Induction of oral tolerance and DTH assay.
Tolerance induction, sensitization, and challenge were performed using OVA that had been depleted of contaminating endotoxin by passage over a Detoxi Gel column (Pierce Chemical Co.). Oral tolerance was induced by feeding mice OVA (5 mg in 200 μl PBS) by gavage after mice had been deprived of food for 4–6 h. 7 d after induction of oral tolerance, mice were sensitized s.c. with 150 μl of an emulsion of endotoxin-free OVA (2.0 mg/ml in PBS) and CFA. 1 wk after sensitization, mice were challenged intradermally with OVA-pulsed PECs (2.0 × 105 cells in 10 μl PBS) into the pinnae. The change in the ear thickness was measured 24 h later as an indication of the DTH response.
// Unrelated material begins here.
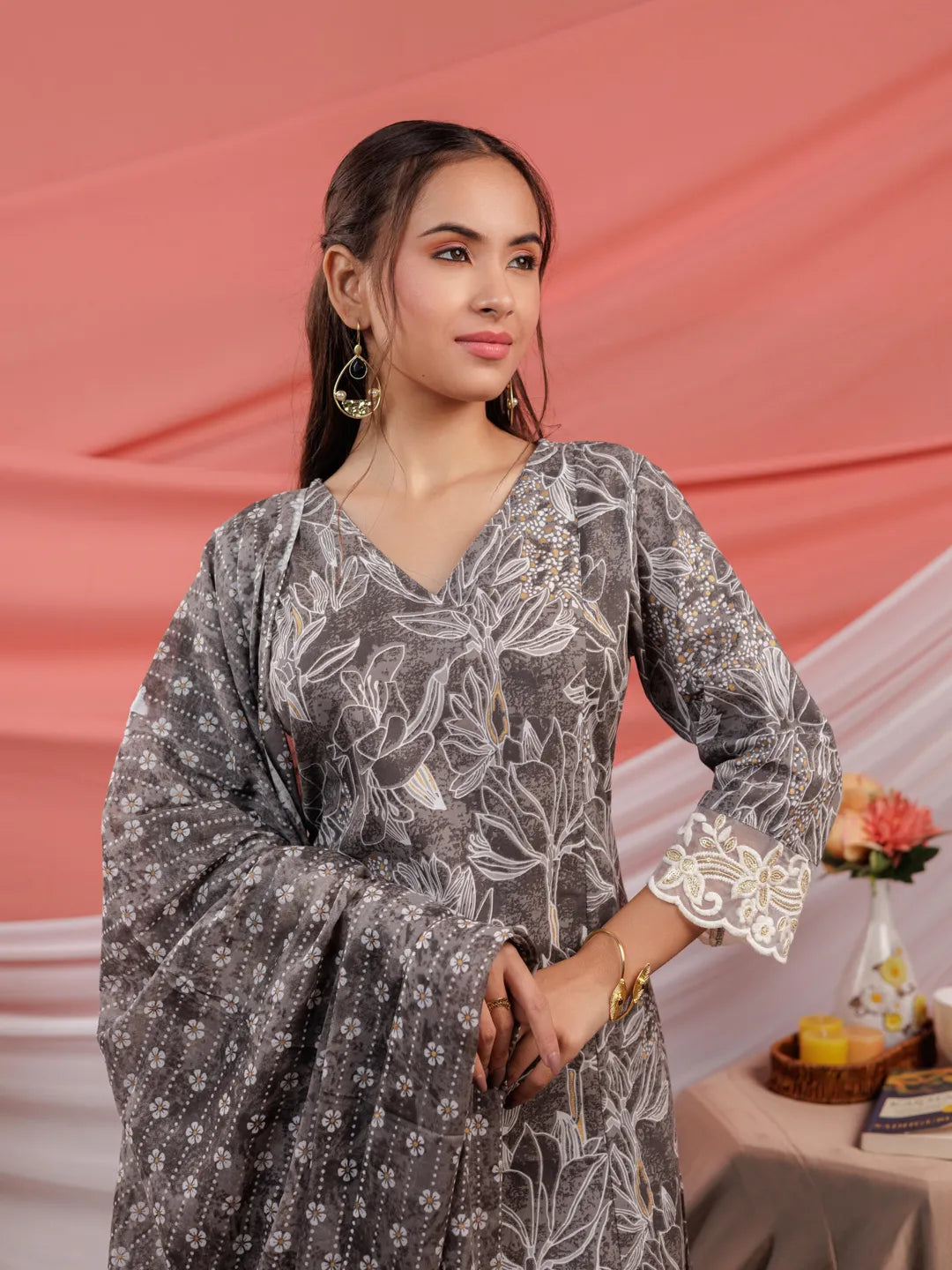Grey Floral Print Cotton Straight Kurta Trouser Dupatta Set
Preparation of BMAPCs and adherent spleen cells for reconstitution experiments.
BMAPCs were generated by culturing bone marrow cells in L929-conditioned growth medium (10% L929-conditioned medium, 10% horse serum, 10% controlled-process serum replacement type 3) for 6 d (56). The cells were collected; cell viability was >90%. Collected APCs were washed and resuspended in HBSS before i.v. inoculation of 106 cells per mouse. Spleens were removed from killed mice, dissociated into single cell suspensions, and layered on Petri dishes at a concentration of 2 × 106 cells/ml in HBSS in 10% FBS. After a 90-min incubation at 37°C, the nonadherent cells were washed away, and the adherent cells were harvested. The expression of F4/80 on BMAPCs and adherent spleen cells was confirmed by immunostaining and flow cytometry (unpublished data).
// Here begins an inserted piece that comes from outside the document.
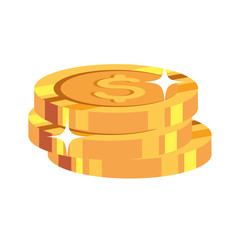 pile coins isolated on white background vector illustration design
All statistical analyses were performed by analysis of variance with Neuman-Keuls post hoc analyses. Significance was determined at P < 0.05.
Online supplemental material.
Fig. S1 depicts flow cytometric characterization of the myeloid cell populations in peripheral blood (A) and spleen (B) of WT and F4/80 KO mice. Fig. S2 shows a quantitative phagocytic assay of the WT and F4/80 KO thioglycollate-elicited microphage. Fig. S3 depicts NO and cytokine production of Bio-gel–elicited macrophages from the WT and F4/80 KO mice (Fig. 3).
The authors would like to thank Ms. M. Ortega and Ms. L. Randall for the care and breeding of the mice.
This study is supported by grants from British Heart Foundation no. PG/02/144 (to H.-H. Lin), from the Wellcome Trust (to M. Stacey), and from National Institutes of Health nos. EY 13066 and EY 11983 (to J. Stein-Streilein). H.-H. Lin has been supported in part by a research grant from Celltech R&D, Inc. S. Gordon is supported by grants from the Medical Research Council, UK.
The authors have no conflicting financial interests.
Abbreviations used: Ab, antibody; a.c., anterior chamber; ACAID, anterior chamber–associated immune deviation; BMAPCs, bone marrow–derived APCs; DTH, delayed-type hypersensitivity; EGF, epidermal growth factor; EMR, EGF module–containing mucin-like hormone receptor; ES, embryonic stem; LAT, local adoptive transfer; PE, phycoerythrin; PEC, peritoneal exudate cells; TM7, seven-span transmembrane; T reg, regulatory T.
H.-H. Lin and D.E. Faunce contributed equally to this work.